The port-forwarding rules are not persisted on restarts of the BCM daemon process. If your head node reboots or the daemon restarts for any reason, you will need to rerun this port-forwarding sequence.

Installation#

Note

These steps assume that the bundle is present in the current directory.

  1. Upload the .tgz file to the cluster head node.

  2. Update values to enable folders within Grafana:

    helm upgrade -n prometheus kube-prometheus-stack ./kube-prometheus-stack \
      --set grafana.sidecar.dashboards.provider.foldersFromFilesStructure=true \
      --set grafana.sidecar.dashboards.enabled=true --reuse-values
    
  1. Run the following command (update the filename if needed):

    helm upgrade --install -n prometheus nmc-dashboards \
        ./bundle/helm/nmc-grafana-dashboards-27.3.2.tgz --set dgx_system=b200
    
  1. Run the following command (update the filename if needed):

    helm upgrade --install -n prometheus nmc-dashboards \
        ./bundle/helm/nmc-grafana-dashboards-27.3.2.tgz --set dgx_system=gb200
    
  1. Run the following command (update the filename if needed):

    helm upgrade --install -n prometheus nmc-dashboards \
        ./bundle/helm/nmc-grafana-dashboards-27.3.2.tgz --set dgx_system=b300
    
  1. Run the following command (update the filename if needed):

    helm upgrade --install -n prometheus nmc-dashboards \
        ./bundle/helm/nmc-grafana-dashboards-27.3.2.tgz --set dgx_system=gb300
    

Accessing dashboards#

  1. In a browser, open: https://<headnode>/grafana

  2. Login using default credentials. Get Grafana ‘admin’ user password by running:

    kubectl get secret -n prometheus kube-prometheus-stack-grafana \
        -o jsonpath="{.data.admin-password}" | base64 -d ; echo
    
  3. Navigate to Dashboards in the Grafana UI.

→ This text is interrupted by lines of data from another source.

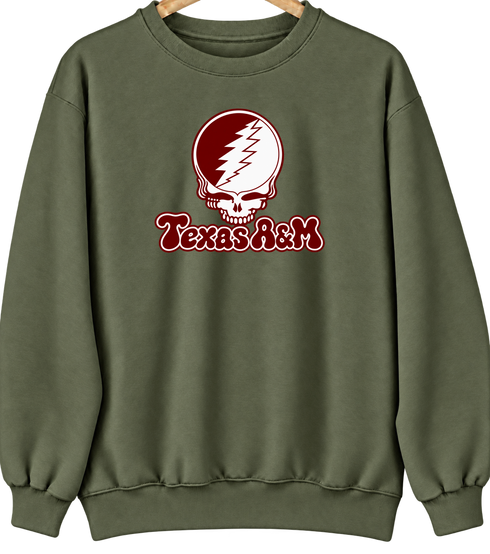 Texas A&M Stealie Premium Unisex Crewneck — Design: Texas A&M University — Military Green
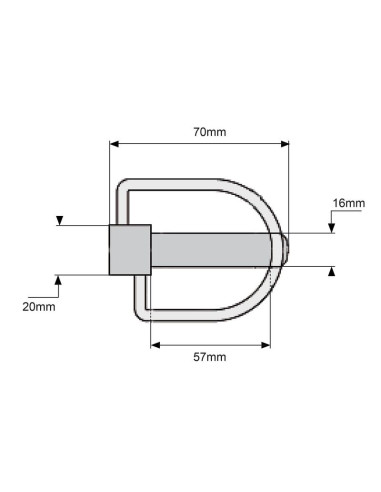 Pasador con Cadena, Ø pasador16mm x 70mm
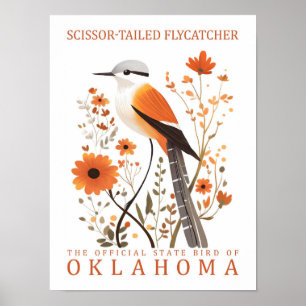 Gabelschwanz-Fliegenschnäpper Vogel von Oklahoma Poster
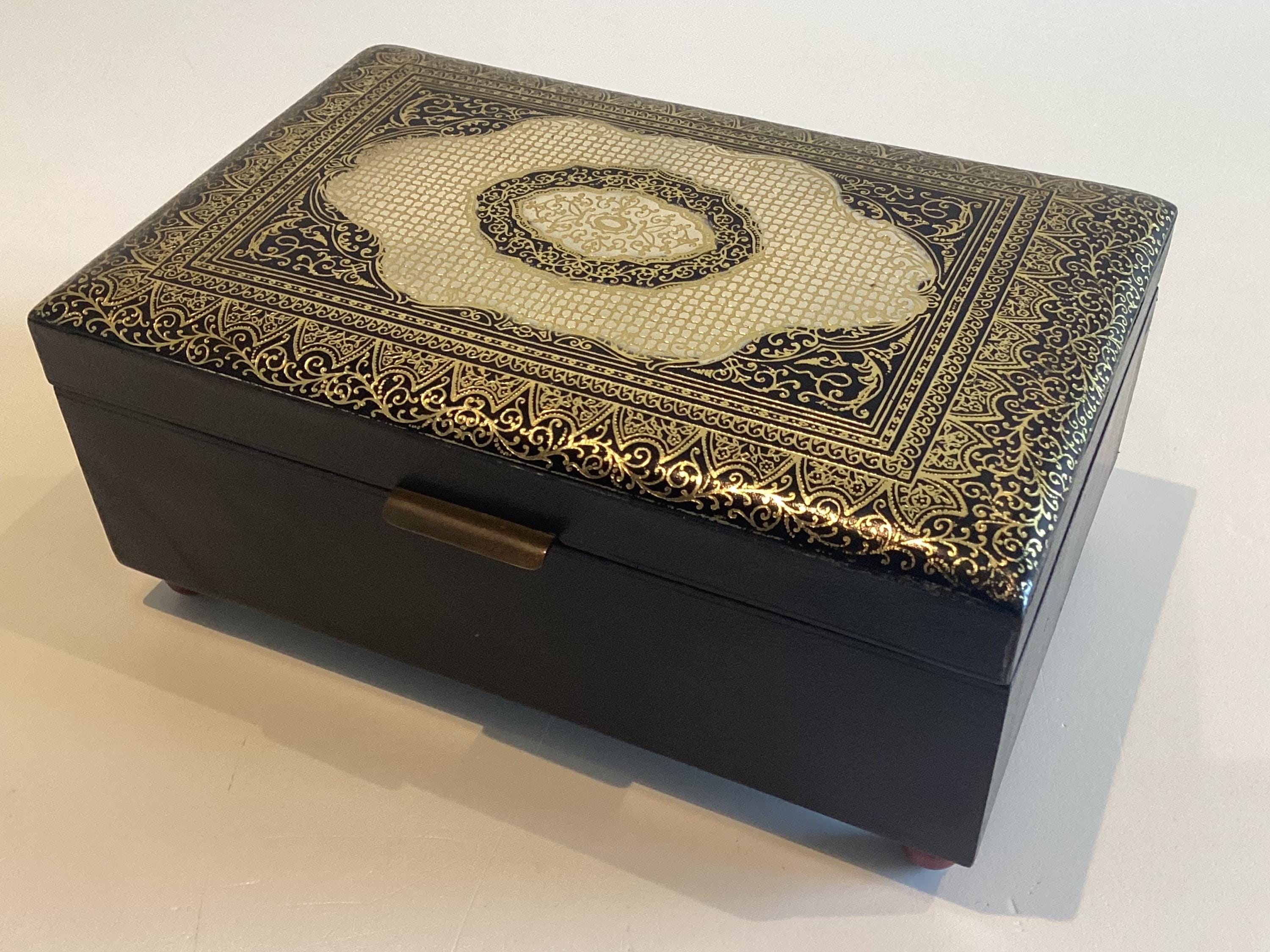 Vintage Reuge Music Box | 1960s Switzerland Leather Jewelry Box, Hollywood Regency — photo 3 of 11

    Deployed dashboards will be denoted with a number, for example:

    1. 01. SuperPOD Overall Dashboard

Customization and BMS integration#

The dashboards included in this Helm chart are provided as examples. They are fully functional out of the box but are intended to be customized to match the customer’s specific cluster environment.

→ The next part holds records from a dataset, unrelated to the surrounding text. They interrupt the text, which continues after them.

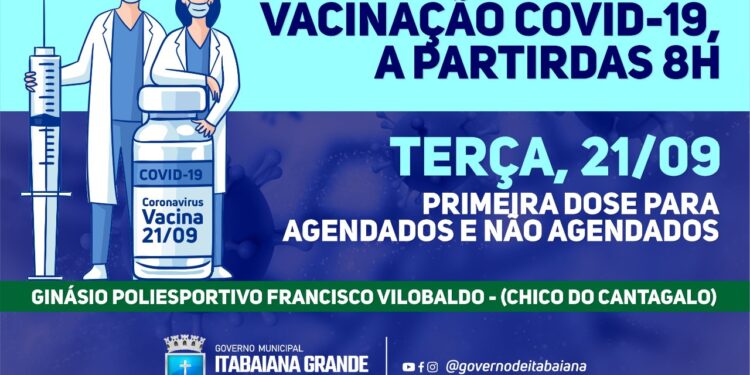 Itabaiana continua vacinação dos adolescentes de 15 a 17 anos, nesta terça-feira (21)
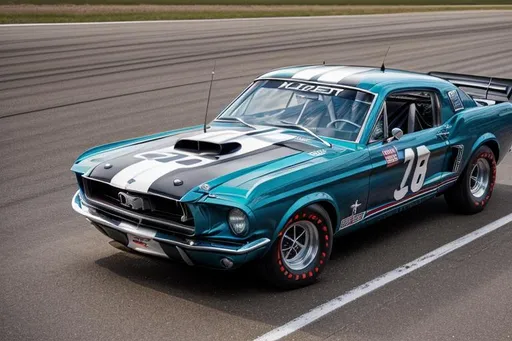 Prompt: Next Gen Nascar stock 1967 Ford Mustang car, sponsored by OpenArt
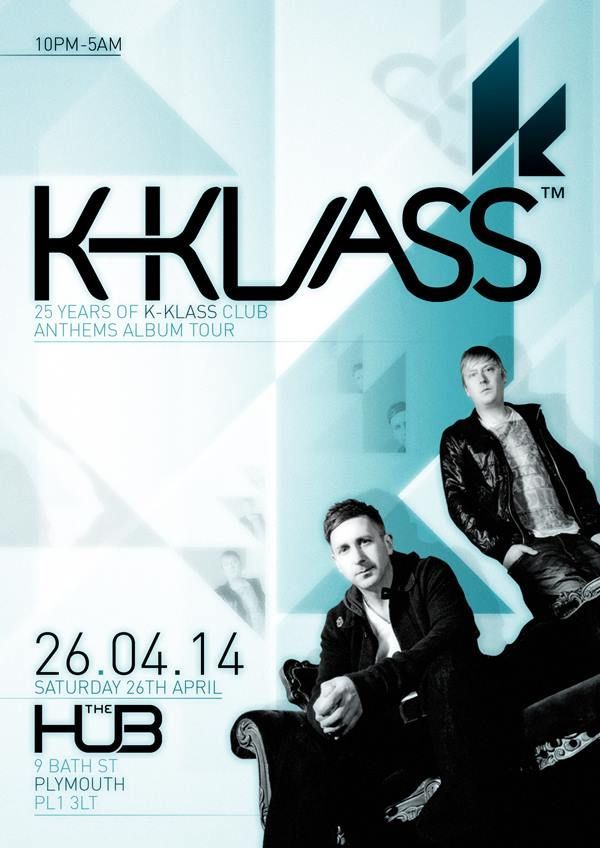 K‑KLASS concert poster with two seated performers, teal geometric background, and date 26.04.14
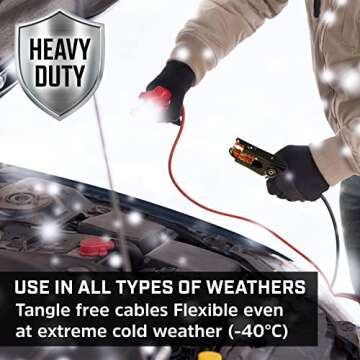 Energizer Jumper Cables for Car Battery, Heavy Duty Automotive Booster Cables for Jump Starting Dead or Weak Batteries with Carrying Bag Included (16-Feet (4-Gauge)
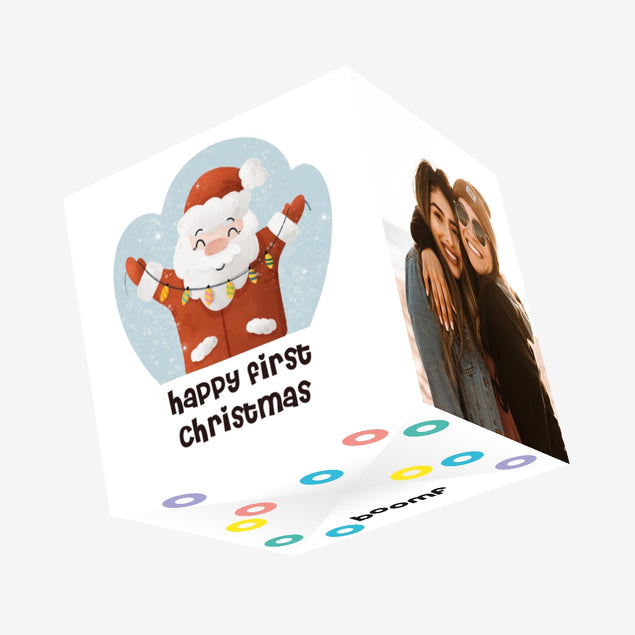 Cute White Santa Happy 1st Christmas Confetti-exploding Greetings Card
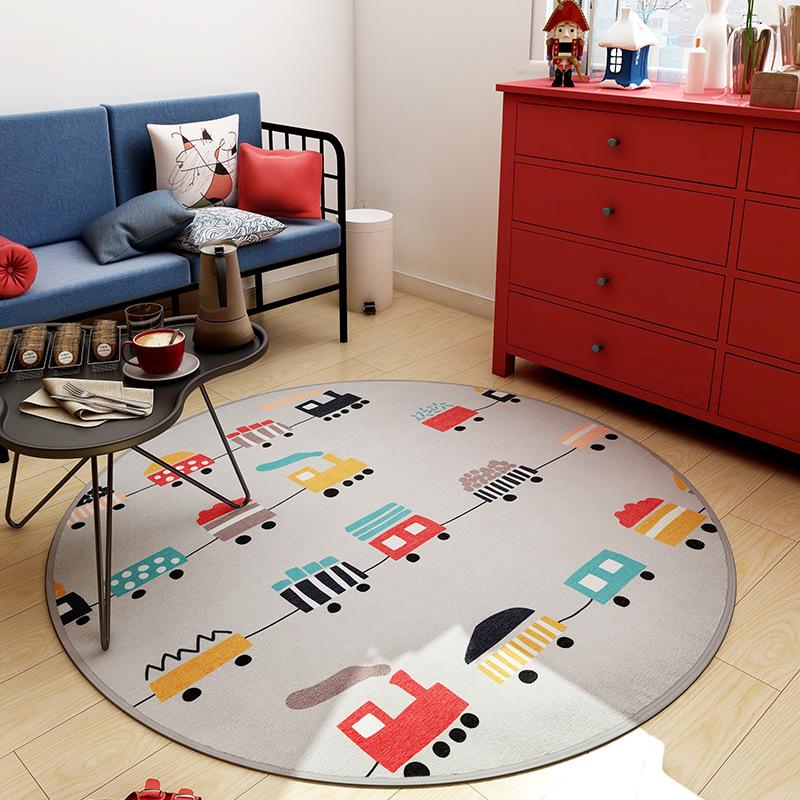 

Carpets Cartoon Train Animal Round Carpet Home Living Room Sofa Children Climbing Mat Bedroom Bedside Rug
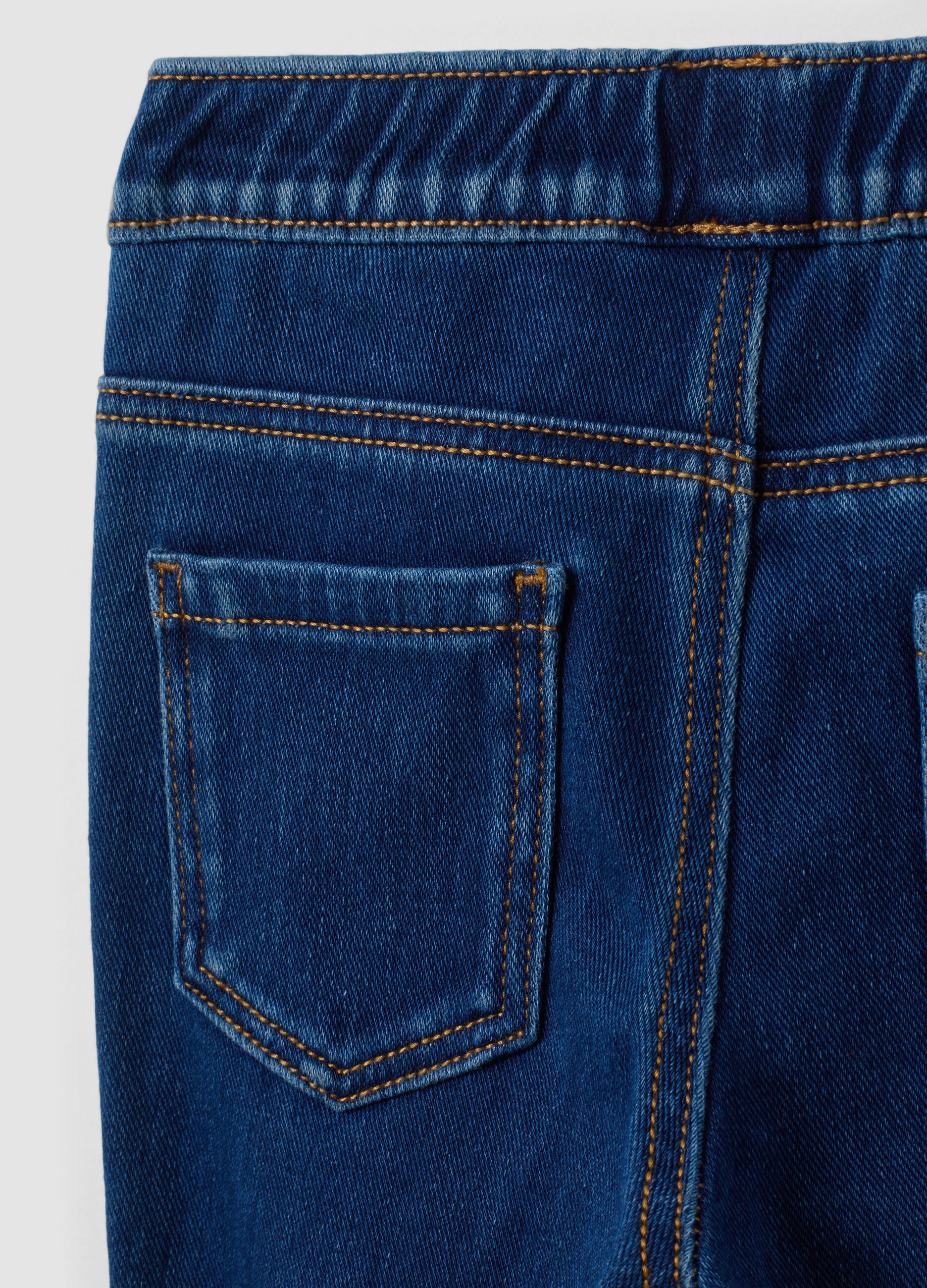 Blue flare-fit stretchy cotton jeggings for girls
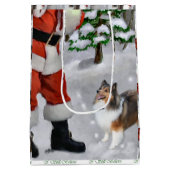 Shetland Sheepdog Believe Kerstmis Medium Cadeauzakje (Achterkant)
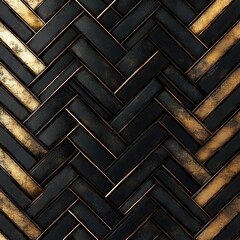 Wall Mural - Black and Gold Wall Close Up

One dashboard, BMS View of Cluster, is configured to use NVIDIA Cronus as the Building Management System (BMS) data source. It displays power, liquid cooling, environmental, and other facility-level metrics.

Most customers will need to:

  1. Integrate their own BMS with NVIDIA BCM.

  2. Update the dashboard’s data source and queries to reflect their own BMS setup.

These dashboards serve as a starting point for visualizing infrastructure telemetry. The customer is encouraged to modify or extend them based on the facility’s capabilities and telemetry available. In some dashboards we show what filtering by rack can look like, but you might need to customize the filters to fit your situation.

Troubleshooting#

Error: Could not load plugin#

On rare occasions, some dashboards may fail to load properly and display an error:

BCM|UFM API plugin failed
Error: Could not load plugin

This fix for this is to scale the Grafana deployment down to 0 and back up again.

kubectl scale deployment kube-prometheus-stack-grafana -n prometheus --replicas=0
sleep 30
kubectl scale deployment kube-prometheus-stack-grafana -n prometheus --replicas=1

This will restart the Grafana deployment and the dashboards should load properly.